What is WFA? It isn’t anything magical or complicated. We simply take data on which we are about to backtest a regular reoptimization of our system. We divide such data into 10 identically large segments (we will try to simulate 10 times regular optimization) and then we divide each segment into two parts – a smaller one and a bigger one. The bigger part, usually 70-80% of data, will be used for optimization called In-Sample (IS). Here, we carry out a basic backtest and we search (optimize) parameters which are making our system more interesting – not only from a profitability point of view, but also from a stability of equity curve point of view. Then we take the selected parameters and test the rest of the data – 20-30% which we haven’t used for the primal backtest and therefore for any optimization of parameters. These remaining data are called Out-Of-Sample (OOS) and show us how the system is capable of constantly adapting. If the system has such an ability, then we carry out a regular reoptimization in live trading as well.
Today, personally, I reoptimize each of my systems on a regular basis, i.e. each system I trade I consider to be auto-adaptive. The process of reoptimization and selection of an ideal period, and particularly when to perform it is very important.
3. To have a plan on when to completely turn the system off and when to start to use it again
This last point may seem like it isn’t relevant to the adaptive issue, but from my experience it is. From my point of view, to know when to turn the system off when the conditions aren’t acceptable and when to turn it on again when we get out of our drawdown is one of the highest levels of adaptiveness.
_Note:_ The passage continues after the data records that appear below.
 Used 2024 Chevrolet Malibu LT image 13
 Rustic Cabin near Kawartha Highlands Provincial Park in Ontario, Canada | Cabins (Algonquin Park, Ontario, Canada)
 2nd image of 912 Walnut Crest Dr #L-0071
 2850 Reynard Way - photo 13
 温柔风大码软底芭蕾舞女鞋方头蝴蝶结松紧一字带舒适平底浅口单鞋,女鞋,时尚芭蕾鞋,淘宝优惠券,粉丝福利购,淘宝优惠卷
This task is exceptionally difficult and it can be approached in many ways. From quite complex algorithms which can tell when the system isn’t currently suitable for a given market and which will turn such system off automatically for a certain period of time, to simple rules resulting from our possibilities and our common sense.
The base for such approach should always be a drawdown. Historical drawdown is an important indicator (even if it is “only” the backtest one). Its exceeding in live trading definitely indicates something important, therefore for example, the rule of turning the system off when it exceeds historical DD by 1.5x and its turning on when it reaches again at least 50% of its recent drawdown, can be a fundamental way to use and test.
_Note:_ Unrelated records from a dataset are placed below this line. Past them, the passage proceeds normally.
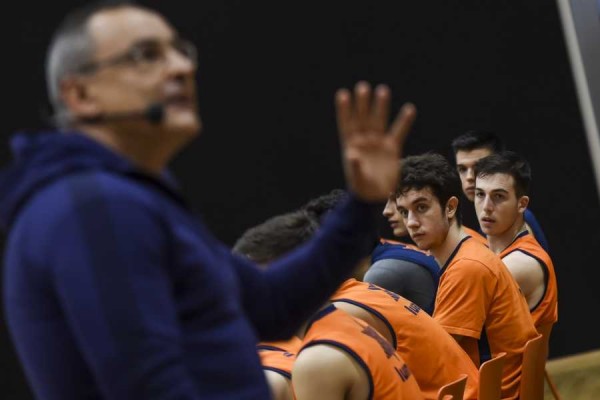 Berni Álvarez y Ángel Cepeda, protagonistas de la sexta jornada de formación de entrenadores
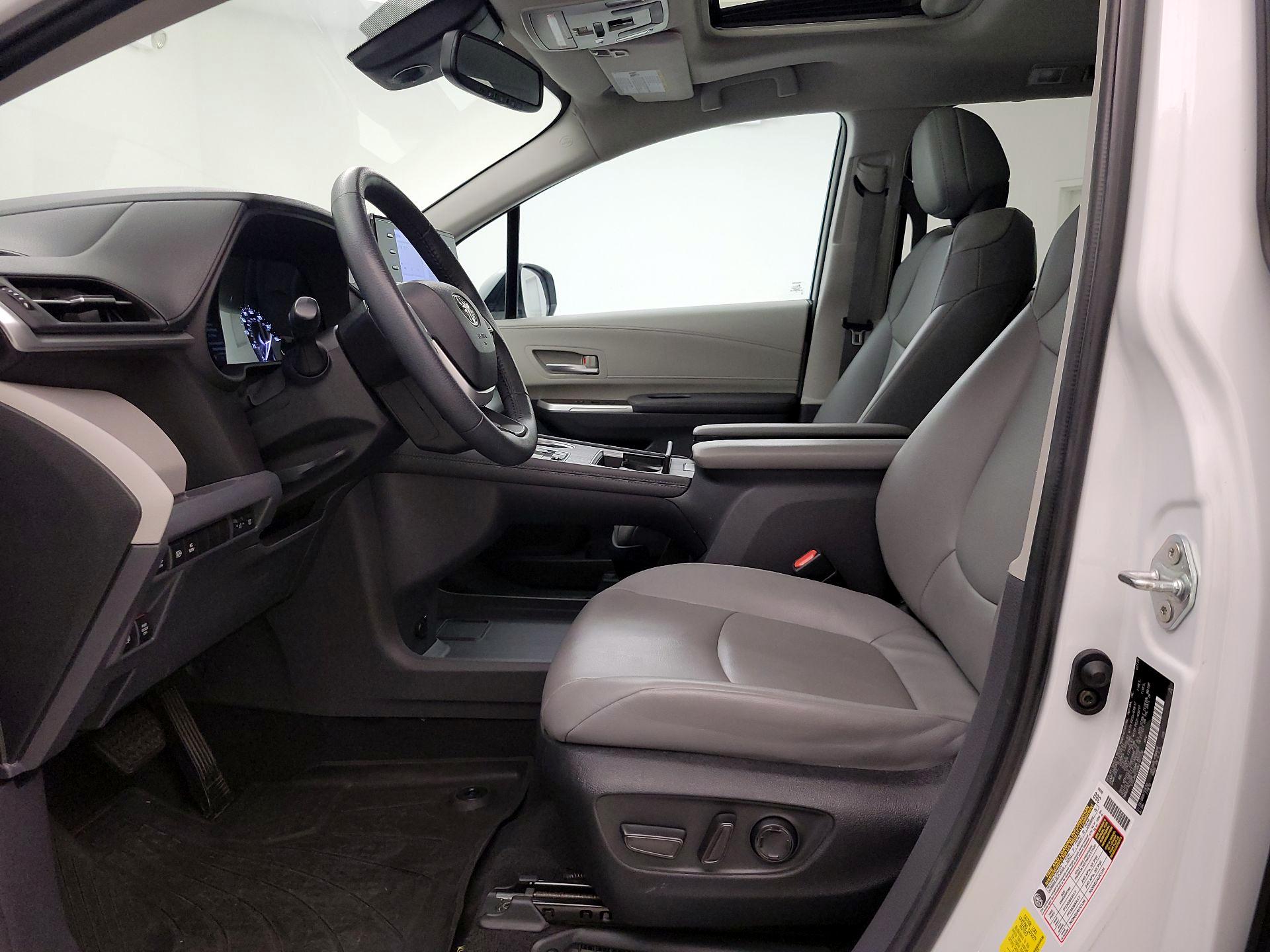 Thumbnail: 2022 Toyota Sienna - 11
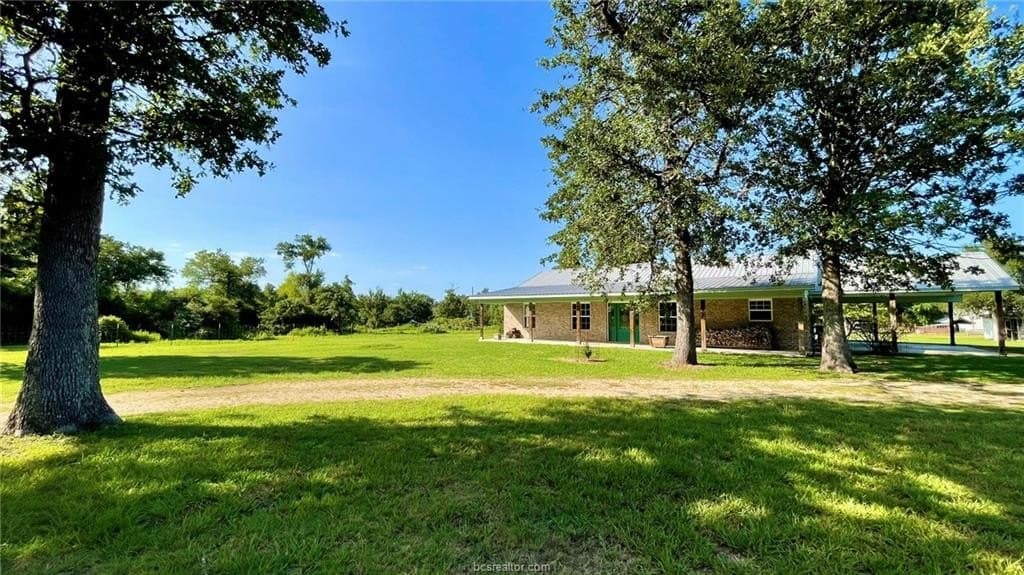 15.5 acres in Milam County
In regards to this I have to mention another experience I have: What I haven’t found useful at all and what I consider to be one of the worst approaches, is to filter equity with the help of moving average. It means, for example, to turn the system off when its equity drops below its moving average. This method is very treacherous, has many pitfalls, and it simply doesn’t work.
Surprisingly enough, better usage can be found in rules based on drawdown. A conservative and much better approach is with usage of MC and OOS intervals.
In this article I have only “touched” an adaptive issue from the easier point of view, which is accessible to a common user while using approaches I fully support – e.g. WFA. From my experience it isn’t possible to create a good quality ATS without using some adaptive elements in our workflow. On the other hand, in regular intraday or swing ATS there is no need to use an extreme approach and reoptimize the strategy nearly every day or every minute. A few months’ interval is more than enough. Anyhow it is useful to constantly think about how to be as prepared as possible for the ever-changing market environment and have instruments at hand that help us to adapt in a better and faster way.